NEUTRALUNIVERSEMACHINE: How filaments and dark-matter haloes influence the galaxy’s cold gas content

¹ Shanghai Astronomical Observatory, Chinese Academy of Sciences, Shanghai 200030, China
² University of Chinese Academy of Sciences, Beijing 100049, China
³ Steward Observatory, University of Arizona, 933 N Cherry Ave., Tucson, AZ 85721, USA

^⋆ Corresponding author; guohong@shao.ac.cn

Received: 20 August 2024
Accepted: 5 February 2025

Abstract

Aims. We aim to investigate the influence of the distance to filaments and dark-matter haloes on galaxy cold-gas content in the empirical model NEUTRALUNIVERSEMACHINE (NUM) and the hydrodynamical simulation IllustrisTNG.

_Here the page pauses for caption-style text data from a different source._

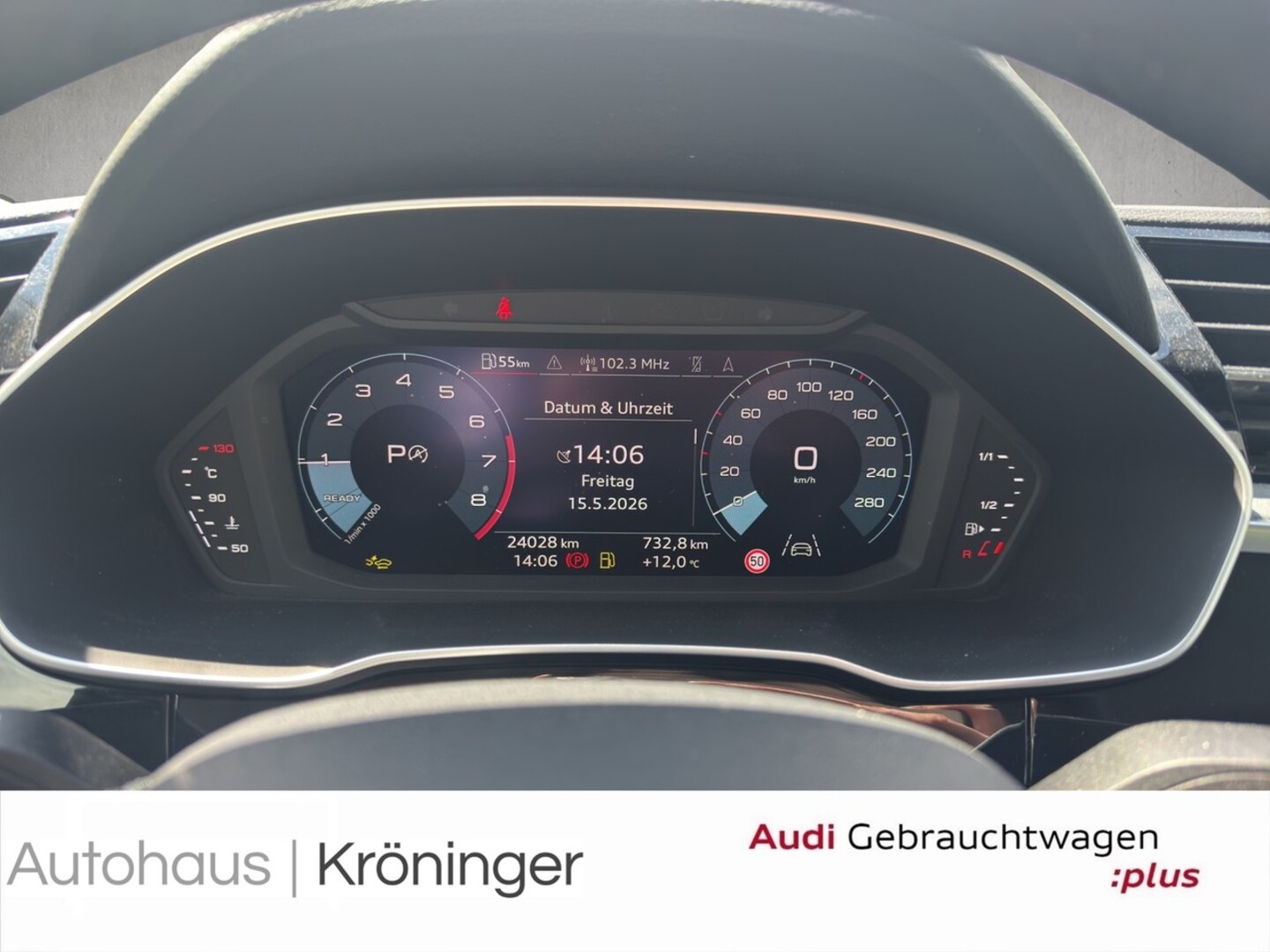 Bild über Audi Q3 S line 35 TFSI S tronic - für weitere Informationen kontaktieren Sie den Audi Partner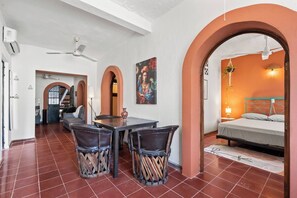 5 bedrooms, iron/ironing board, WiFi, bed sheets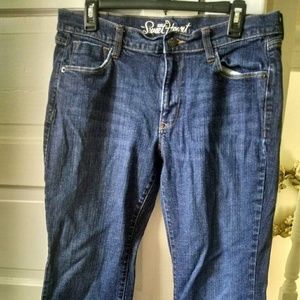 Dark wash old navy jeans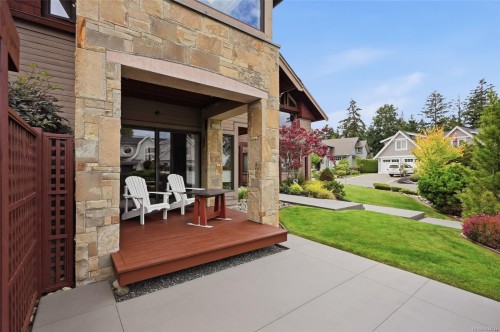 880 Bluffs Dr, Qualicum Beach, BC 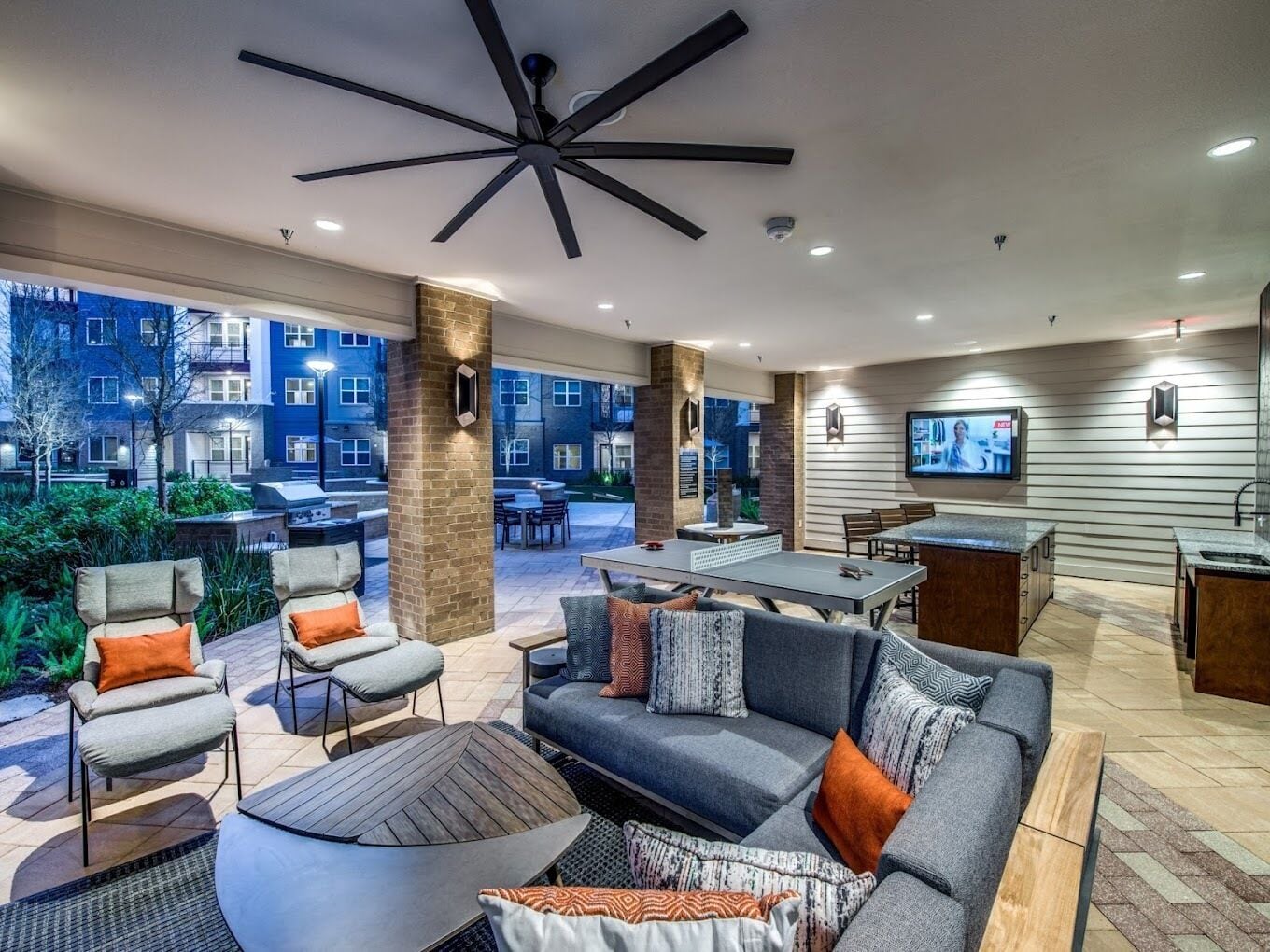 ลานระเบียง/นอกชาน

Methods. We used DisPerSE to identify cosmic web structures and calculate the distance of galaxies to filaments for both observations and models. We show the results of the H I and H₂ mass functions, H I- and H₂-halo-mass relations, H I- and H₂-stellar-mass relations for galaxies in the NUM model and IllustrisTNG with different distances to filaments and compare them with observational measurements. We also show the evolution of H I and H₂ mass densities at different distances to filament bins.

Results. We find that how filaments affect the H I gas is generally less significant compared to the halo environment. There is a weak trend in the observations at z = 0 that low-mass haloes lying closer to the filaments tend to have reduced H I masses. However, this trend reverses for massive haloes with log(M_vir/M_⊙) > 12.5. This behaviour is accurately reproduced in the NUM model due to the dependence of H I gas on the halo formation time, but it does not appear in IllustrisTNG. The influence of filaments on the H I gas becomes slightly weaker at higher redshifts and is only significant for galaxies that reside in massive haloes in the NUM model. Filaments have almost no impact on the H₂-stellar-mass relation in both models, confirming that H₂ is primarily determined by the galaxy stellar mass and star formation rate.